> **WHAT YOU HAVE TO DO**: Type out every line of the data again, exactly.

Items from a dataset:
.....

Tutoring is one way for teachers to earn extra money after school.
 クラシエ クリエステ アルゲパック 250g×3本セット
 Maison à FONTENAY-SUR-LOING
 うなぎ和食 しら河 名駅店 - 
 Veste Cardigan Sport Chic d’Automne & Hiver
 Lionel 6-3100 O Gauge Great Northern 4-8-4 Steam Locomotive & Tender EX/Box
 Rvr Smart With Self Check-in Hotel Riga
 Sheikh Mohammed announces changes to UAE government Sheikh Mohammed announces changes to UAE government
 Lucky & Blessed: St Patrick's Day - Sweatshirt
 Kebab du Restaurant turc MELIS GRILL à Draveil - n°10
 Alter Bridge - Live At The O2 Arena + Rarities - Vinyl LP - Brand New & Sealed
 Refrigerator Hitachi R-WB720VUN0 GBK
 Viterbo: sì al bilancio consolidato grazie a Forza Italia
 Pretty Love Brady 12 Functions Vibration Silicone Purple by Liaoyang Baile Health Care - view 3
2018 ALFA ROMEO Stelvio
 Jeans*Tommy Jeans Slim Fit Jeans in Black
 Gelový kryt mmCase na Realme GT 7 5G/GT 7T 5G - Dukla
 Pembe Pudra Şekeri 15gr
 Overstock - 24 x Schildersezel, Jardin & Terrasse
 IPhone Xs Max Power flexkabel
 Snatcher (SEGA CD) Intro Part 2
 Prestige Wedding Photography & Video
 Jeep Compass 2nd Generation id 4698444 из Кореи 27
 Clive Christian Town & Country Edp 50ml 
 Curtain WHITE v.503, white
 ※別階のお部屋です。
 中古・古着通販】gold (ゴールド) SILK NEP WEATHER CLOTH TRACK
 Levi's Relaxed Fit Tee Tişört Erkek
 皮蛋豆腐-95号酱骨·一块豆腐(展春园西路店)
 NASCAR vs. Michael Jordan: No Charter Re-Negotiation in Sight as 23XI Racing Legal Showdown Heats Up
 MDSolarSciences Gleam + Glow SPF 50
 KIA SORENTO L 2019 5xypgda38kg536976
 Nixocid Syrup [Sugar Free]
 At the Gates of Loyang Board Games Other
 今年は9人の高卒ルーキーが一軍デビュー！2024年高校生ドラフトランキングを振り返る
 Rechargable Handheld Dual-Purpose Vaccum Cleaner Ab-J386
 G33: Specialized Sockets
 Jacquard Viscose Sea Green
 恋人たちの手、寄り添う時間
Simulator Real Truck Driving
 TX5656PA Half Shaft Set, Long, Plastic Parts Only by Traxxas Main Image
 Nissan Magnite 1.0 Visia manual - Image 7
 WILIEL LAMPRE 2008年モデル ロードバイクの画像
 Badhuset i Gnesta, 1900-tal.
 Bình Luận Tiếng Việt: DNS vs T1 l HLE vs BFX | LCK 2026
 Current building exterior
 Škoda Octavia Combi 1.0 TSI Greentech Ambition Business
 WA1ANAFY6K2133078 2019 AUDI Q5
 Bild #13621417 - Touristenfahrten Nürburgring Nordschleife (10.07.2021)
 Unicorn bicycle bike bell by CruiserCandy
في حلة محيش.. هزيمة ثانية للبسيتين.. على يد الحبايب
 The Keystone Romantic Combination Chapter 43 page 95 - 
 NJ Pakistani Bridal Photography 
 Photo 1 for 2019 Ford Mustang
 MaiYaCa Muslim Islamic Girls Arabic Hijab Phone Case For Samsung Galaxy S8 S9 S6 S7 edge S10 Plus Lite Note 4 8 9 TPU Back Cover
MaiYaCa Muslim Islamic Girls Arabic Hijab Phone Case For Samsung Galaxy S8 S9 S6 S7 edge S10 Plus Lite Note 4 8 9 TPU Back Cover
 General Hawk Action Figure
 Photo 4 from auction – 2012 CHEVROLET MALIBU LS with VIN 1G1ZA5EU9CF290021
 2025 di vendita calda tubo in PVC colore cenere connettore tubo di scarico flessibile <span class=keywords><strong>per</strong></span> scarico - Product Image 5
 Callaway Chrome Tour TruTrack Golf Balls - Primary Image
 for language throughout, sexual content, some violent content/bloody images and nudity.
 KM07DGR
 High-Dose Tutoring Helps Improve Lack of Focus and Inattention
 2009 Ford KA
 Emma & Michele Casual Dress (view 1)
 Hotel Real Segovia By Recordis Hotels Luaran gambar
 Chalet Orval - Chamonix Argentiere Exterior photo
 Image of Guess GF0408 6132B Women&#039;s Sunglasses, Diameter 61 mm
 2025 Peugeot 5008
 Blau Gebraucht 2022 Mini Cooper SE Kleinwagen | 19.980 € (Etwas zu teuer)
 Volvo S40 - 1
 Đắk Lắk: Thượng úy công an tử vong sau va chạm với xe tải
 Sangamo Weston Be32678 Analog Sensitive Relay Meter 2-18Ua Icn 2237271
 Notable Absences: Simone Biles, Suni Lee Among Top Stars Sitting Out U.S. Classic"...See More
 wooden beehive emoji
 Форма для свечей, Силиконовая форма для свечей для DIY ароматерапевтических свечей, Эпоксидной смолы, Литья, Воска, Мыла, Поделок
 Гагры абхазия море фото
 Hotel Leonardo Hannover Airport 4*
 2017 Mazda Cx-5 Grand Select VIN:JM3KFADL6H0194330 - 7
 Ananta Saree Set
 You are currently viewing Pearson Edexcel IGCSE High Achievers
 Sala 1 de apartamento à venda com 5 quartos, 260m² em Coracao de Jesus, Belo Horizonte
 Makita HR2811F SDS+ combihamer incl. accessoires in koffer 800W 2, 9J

.....

> **RESPONSE**:
Tutoring is one way for teachers to earn extra money after school.
 クラシエ クリエステ アルゲパック 250g×3本セット
 Maison à FONTENAY-SUR-LOING
 うなぎ和食 しら河 名駅店 - 
 Veste Cardigan Sport Chic d’Automne & Hiver
 Lionel 6-3100 O Gauge Great Northern 4-8-4 Steam Locomotive & Tender EX/Box
 Rvr Smart With Self Check-in Hotel Riga
 Sheikh Mohammed announces changes to UAE government Sheikh Mohammed announces changes to UAE government
 Lucky & Blessed: St Patrick's Day - Sweatshirt
 Kebab du Restaurant turc MELIS GRILL à Draveil - n°10
 Alter Bridge - Live At The O2 Arena + Rarities - Vinyl LP - Brand New & Sealed
 Refrigerator Hitachi R-WB720VUN0 GBK
 Viterbo: sì al bilancio consolidato grazie a Forza Italia
 Pretty Love Brady 12 Functions Vibration Silicone Purple by Liaoyang Baile Health Care - view 3
2018 ALFA ROMEO Stelvio
 Jeans*Tommy Jeans Slim Fit Jeans in Black
 Gelový kryt mmCase na Realme GT 7 5G/GT 7T 5G - Dukla
 Pembe Pudra Şekeri 15gr
 Overstock - 24 x Schildersezel, Jardin & Terrasse
 IPhone Xs Max Power flexkabel
 Snatcher (SEGA CD) Intro Part 2
 Prestige Wedding Photography & Video
 Jeep Compass 2nd Generation id 4698444 из Кореи 27
 Clive Christian Town & Country Edp 50ml 
 Curtain WHITE v.503, white
 ※別階のお部屋です。
 中古・古着通販】gold (ゴールド) SILK NEP WEATHER CLOTH TRACK
 Levi's Relaxed Fit Tee Tişört Erkek
 皮蛋豆腐-95号酱骨·一块豆腐(展春园西路店)
 NASCAR vs. Michael Jordan: No Charter Re-Negotiation in Sight as 23XI Racing Legal Showdown Heats Up
 MDSolarSciences Gleam + Glow SPF 50
 KIA SORENTO L 2019 5xypgda38kg536976
 Nixocid Syrup [Sugar Free]
 At the Gates of Loyang Board Games Other
 今年は9人の高卒ルーキーが一軍デビュー！2024年高校生ドラフトランキングを振り返る
 Rechargable Handheld Dual-Purpose Vaccum Cleaner Ab-J386
 G33: Specialized Sockets
 Jacquard Viscose Sea Green
 恋人たちの手、寄り添う時間
Simulator Real Truck Driving
 TX5656PA Half Shaft Set, Long, Plastic Parts Only by Traxxas Main Image
 Nissan Magnite 1.0 Visia manual - Image 7
 WILIEL LAMPRE 2008年モデル ロードバイクの画像
 Badhuset i Gnesta, 1900-tal.
 Bình Luận Tiếng Việt: DNS vs T1 l HLE vs BFX | LCK 2026
 Current building exterior
 Škoda Octavia Combi 1.0 TSI Greentech Ambition Business
 WA1ANAFY6K2133078 2019 AUDI Q5
 Bild #13621417 - Touristenfahrten Nürburgring Nordschleife (10.07.2021)
 Unicorn bicycle bike bell by CruiserCandy
في حلة محيش.. هزيمة ثانية للبسيتين.. على يد الحبايب
 The Keystone Romantic Combination Chapter 43 page 95 - 
 NJ Pakistani Bridal Photography 
 Photo 1 for 2019 Ford Mustang
 MaiYaCa Muslim Islamic Girls Arabic Hijab Phone Case For Samsung Galaxy S8 S9 S6 S7 edge S10 Plus Lite Note 4 8 9 TPU Back Cover
MaiYaCa Muslim Islamic Girls Arabic Hijab Phone Case For Samsung Galaxy S8 S9 S6 S7 edge S10 Plus Lite Note 4 8 9 TPU Back Cover
 General Hawk Action Figure
 Photo 4 from auction – 2012 CHEVROLET MALIBU LS with VIN 1G1ZA5EU9CF290021
 2025 di vendita calda tubo in PVC colore cenere connettore tubo di scarico flessibile <span class=keywords><strong>per</strong></span> scarico - Product Image 5
 Callaway Chrome Tour TruTrack Golf Balls - Primary Image
 for language throughout, sexual content, some violent content/bloody images and nudity.
 KM07DGR
 High-Dose Tutoring Helps Improve Lack of Focus and Inattention
 2009 Ford KA
 Emma & Michele Casual Dress (view 1)
 Hotel Real Segovia By Recordis Hotels Luaran gambar
 Chalet Orval - Chamonix Argentiere Exterior photo
 Image of Guess GF0408 6132B Women&#039;s Sunglasses, Diameter 61 mm
 2025 Peugeot 5008
 Blau Gebraucht 2022 Mini Cooper SE Kleinwagen | 19.980 € (Etwas zu teuer)
 Volvo S40 - 1
 Đắk Lắk: Thượng úy công an tử vong sau va chạm với xe tải
 Sangamo Weston Be32678 Analog Sensitive Relay Meter 2-18Ua Icn 2237271
 Notable Absences: Simone Biles, Suni Lee Among Top Stars Sitting Out U.S. Classic"...See More
 wooden beehive emoji
 Форма для свечей, Силиконовая форма для свечей для DIY ароматерапевтических свечей, Эпоксидной смолы, Литья, Воска, Мыла, Поделок
 Гагры абхазия море фото
 Hotel Leonardo Hannover Airport 4*
 2017 Mazda Cx-5 Grand Select VIN:JM3KFADL6H0194330 - 7
 Ananta Saree Set
 You are currently viewing Pearson Edexcel IGCSE High Achievers
 Sala 1 de apartamento à venda com 5 quartos, 260m² em Coracao de Jesus, Belo Horizonte
 Makita HR2811F SDS+ combihamer incl. accessoires in koffer 800W 2, 9J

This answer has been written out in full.